Available data »
:::::

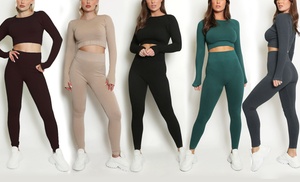 Women's Two-Piece Ribbed Long-Sleeved Top and Leggings Set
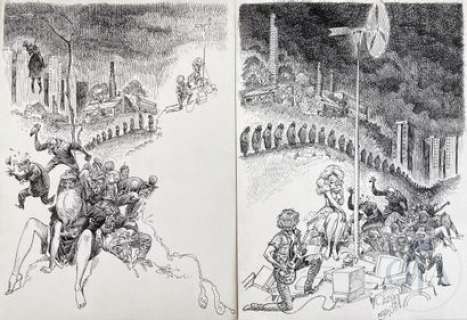 Malik/Paire de dessins originaux sur le thème de "la crise".… | Dagoty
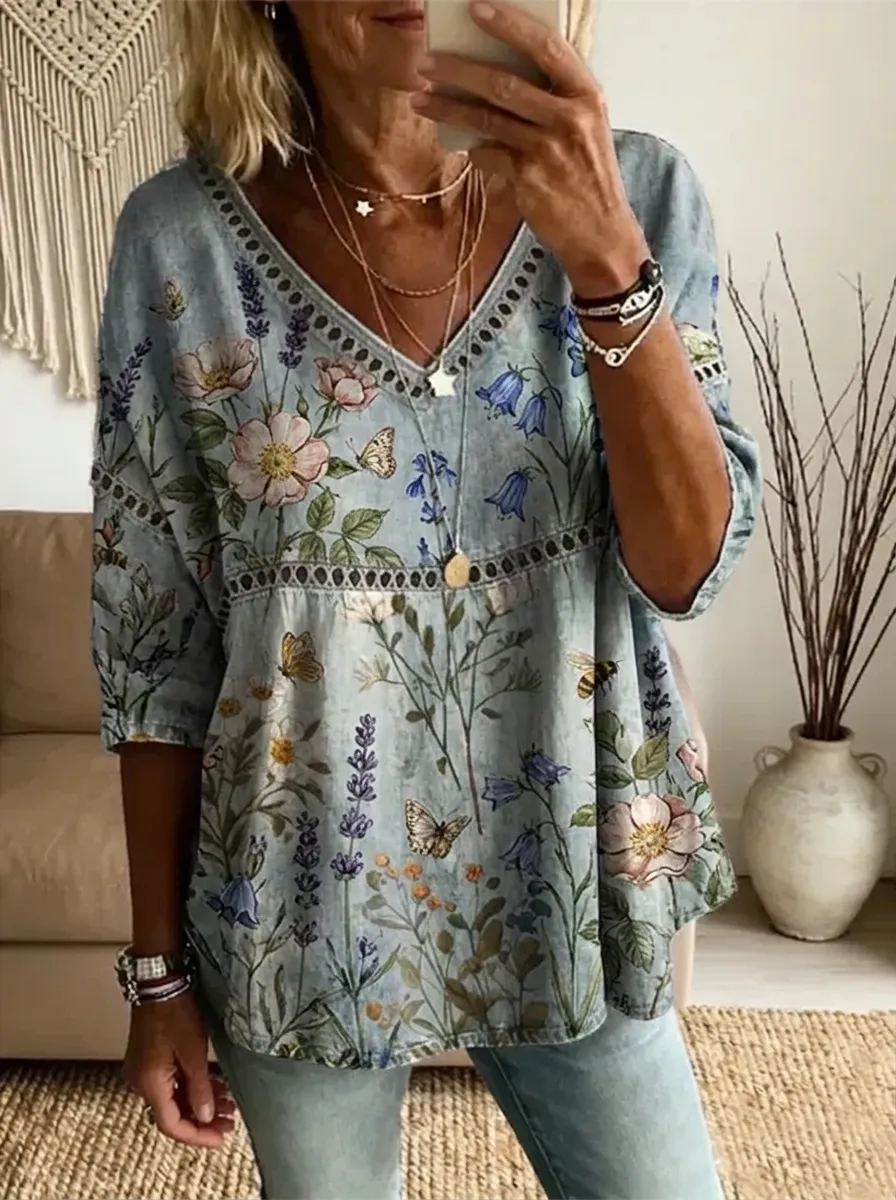 Women's Nashville Floral Butterfly Printed V-Neck Top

:::::

About this exercise » Output the listing above in full, exactly. No images.

Answer to the exercise »
 Women's Two-Piece Ribbed Long-Sleeved Top and Leggings Set
 Malik/Paire de dessins originaux sur le thème de "la crise".… | Dagoty
 Women's Nashville Floral Butterfly Printed V-Neck Top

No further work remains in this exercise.